Directions for this task: The entries below are to be transcribed in full, without their images.

§

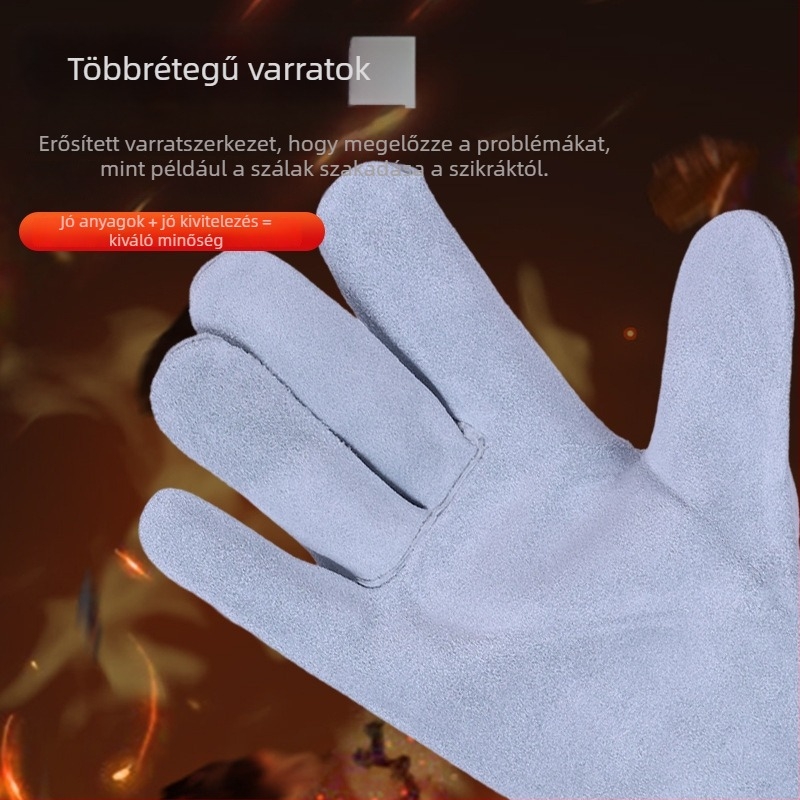 Tehénbőr hegesztő kesztyűk, kopásállóak, ipari felhasználásra: fémipar, öntés, kezelések és elektromos hegesztés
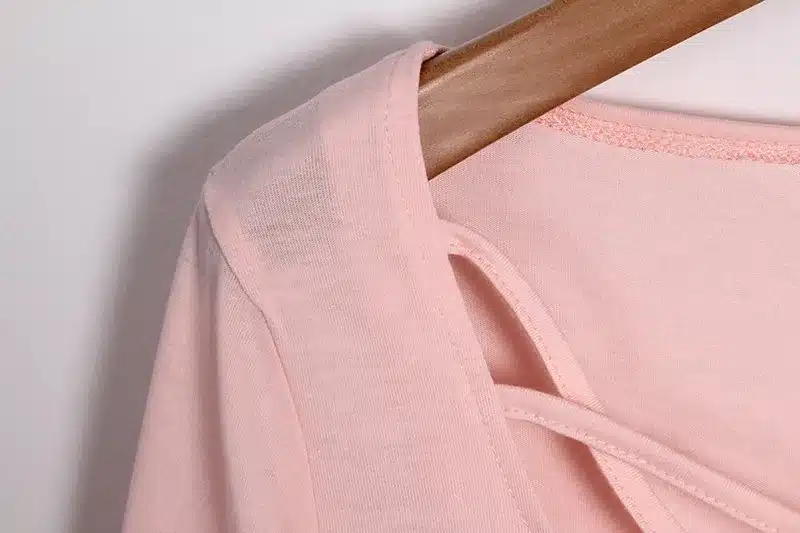 Women T shirt Long Sleeve Hollow Out Spaghetti Strap Slim Long Sleeve Tops Tees Bandage T Shirts Femme Blusas LJ4515E 20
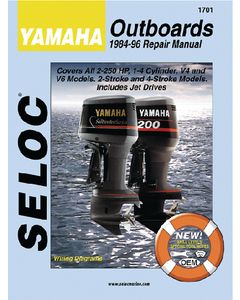 Seloc Yamaha Outboards 2-250HP 1984-1996 Repair Manual 1-4 Cylinder, V4, V6, All 2 & 4 Stroke Models, Includes Jet Drives small_image_label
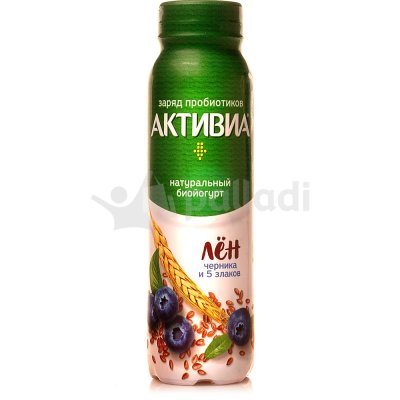 Активиа 260г биойогурт питьевой черника/5 злаков/лен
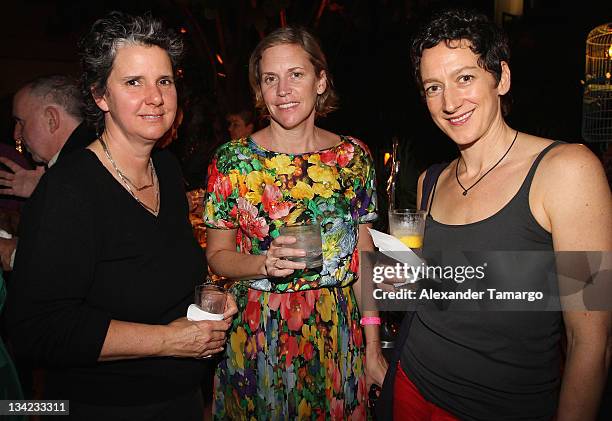 Kim Hostler, Suzanne Demisch, and Juliet Burrows attend Design Miami 2011 welcome cocktail event at W South Beach on November 28, 2011 in Miami...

§

Problem solution:
 Tehénbőr hegesztő kesztyűk, kopásállóak, ipari felhasználásra: fémipar, öntés, kezelések és elektromos hegesztés
 Women T shirt Long Sleeve Hollow Out Spaghetti Strap Slim Long Sleeve Tops Tees Bandage T Shirts Femme Blusas LJ4515E 20
 Seloc Yamaha Outboards 2-250HP 1984-1996 Repair Manual 1-4 Cylinder, V4, V6, All 2 & 4 Stroke Models, Includes Jet Drives small_image_label
 Активиа 260г биойогурт питьевой черника/5 злаков/лен
 Kim Hostler, Suzanne Demisch, and Juliet Burrows attend Design Miami 2011 welcome cocktail event at W South Beach on November 28, 2011 in Miami...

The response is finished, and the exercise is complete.